La escuela para niños, adolescentes y jóvenes funciona de manera gratuita los sábados desde las 14 hasta las 17 aproximadamente. Allí participan chicos desde los 7 años, quienes aprenden navegación a vela, cuidado del entorno natural y trabajo en equipo.
La institución también desarrolla cursos de Conductor Náutico y Timonel Yate Vela y Motor. El primero permite conducir embarcaciones a motor de hasta 10 metros de eslora y con motores de hasta 150 HP. Entre febrero y noviembre participan entre 40 y 80 personas en esa capacitación.
Durante los meses del curso de Timonel, entre 20 y 30 alumnos se suman a la actividad. Además, el club organiza una escuela de vela adaptada para personas con discapacidad una vez por mes.
Una herramienta de integración
La inclusión ocupa un lugar central dentro de las actividades del club. Leonardo Ibacache, instructor del Club Náutico Lago Pellegrini, contó que la escuela adaptada reúne a unos 20 chicos.

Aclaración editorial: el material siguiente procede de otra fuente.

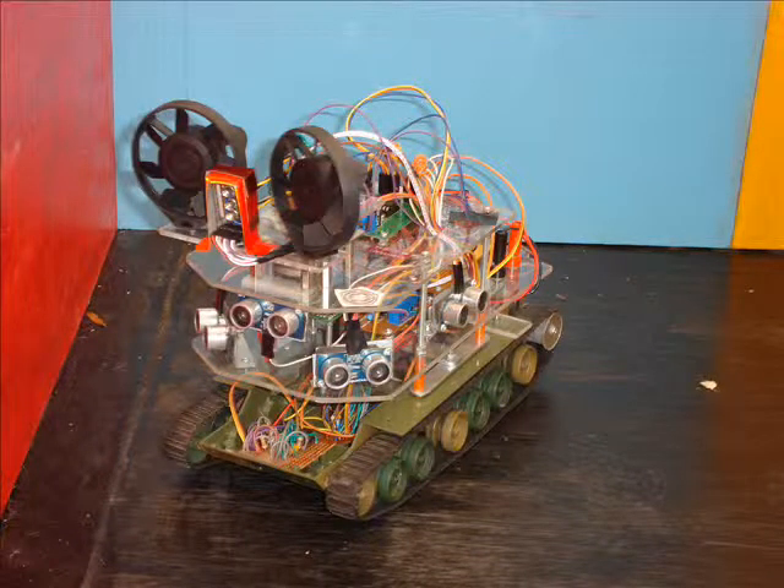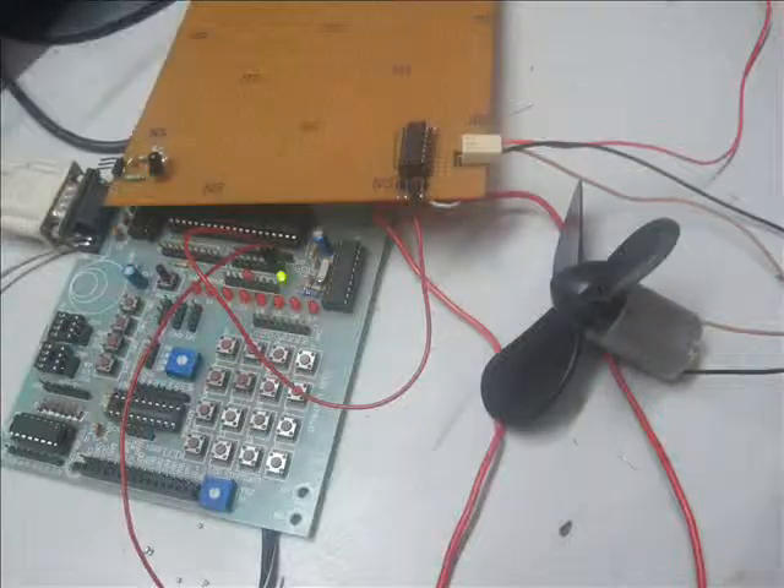Hello everyone, I am Pulkit Gupta and in this video I would like to tell you about a very simple project powered by 8051 microcontroller. If you like this project demonstration and want to try it yourself, you can find details and codes of this project on my blog Pulkit.eu.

El equipo trabaja con un barco escuela y una lancha especialmente preparada para la propuesta. Los instructores buscan que cada participante avance según sus tiempos y fortalezca también el vínculo con sus familias.
“Tratamos de que primero aprendan todos los elementos que tienen los barcos y que conozcan cómo es navegar en un lago”, explicó Ibacache.
El instructor remarcó que la experiencia generó cambios positivos en muchos chicos. “El cambio que han tenido es interesante, tanto a nivel conductual, cognitivo y social, dentro del club como afuera”, afirmó.
La propuesta recibió además un reconocimiento nacional y forma parte de un proyecto acompañado por la Armada Argentina. Según explicó Ibacache, la fuerza participó con capacitaciones y acompañamiento durante actividades anteriores.
Una puerta de entrada al mundo náutico
El club también busca romper la idea de que navegar es una actividad exclusiva para quienes poseen una embarcación. Desde la institución remarcan que cualquier persona puede acercarse, asociarse y utilizar los barcos disponibles.
“No hace falta que tengas embarcación. Venís, te hacés socio y te prestamos las embarcaciones”, explicó Diego Tello. Para el comodoro, el objetivo es que más vecinos conozcan la actividad y encuentren en el lago un espacio de aprendizaje y encuentro.
Esa mirada aparece también en quienes forman parte de las clases. Valentino, uno de los chicos que participa en la escuela, contó que disfruta volver al Lago Pellegrini por sus compañeros y por la relación con los profesores. “Me encanta venir a vela y disfruto mucho con mis amigos”, expresó.
Gonzalo, otro de los alumnos, aseguró que ya aprendió mucho y que se animaría a navegar solo en el futuro. “Está bueno, muy bueno”, resumió sobre la experiencia de compartir cada jornada en el agua.
Con más de seis décadas de historia, el Club Náutico Lago Pellegrini mantiene una propuesta que combina formación, deporte e integración. En la península Rucacó, la navegación se transformó en una forma de encuentro que suma nuevas generaciones al paisaje del Alto Valle.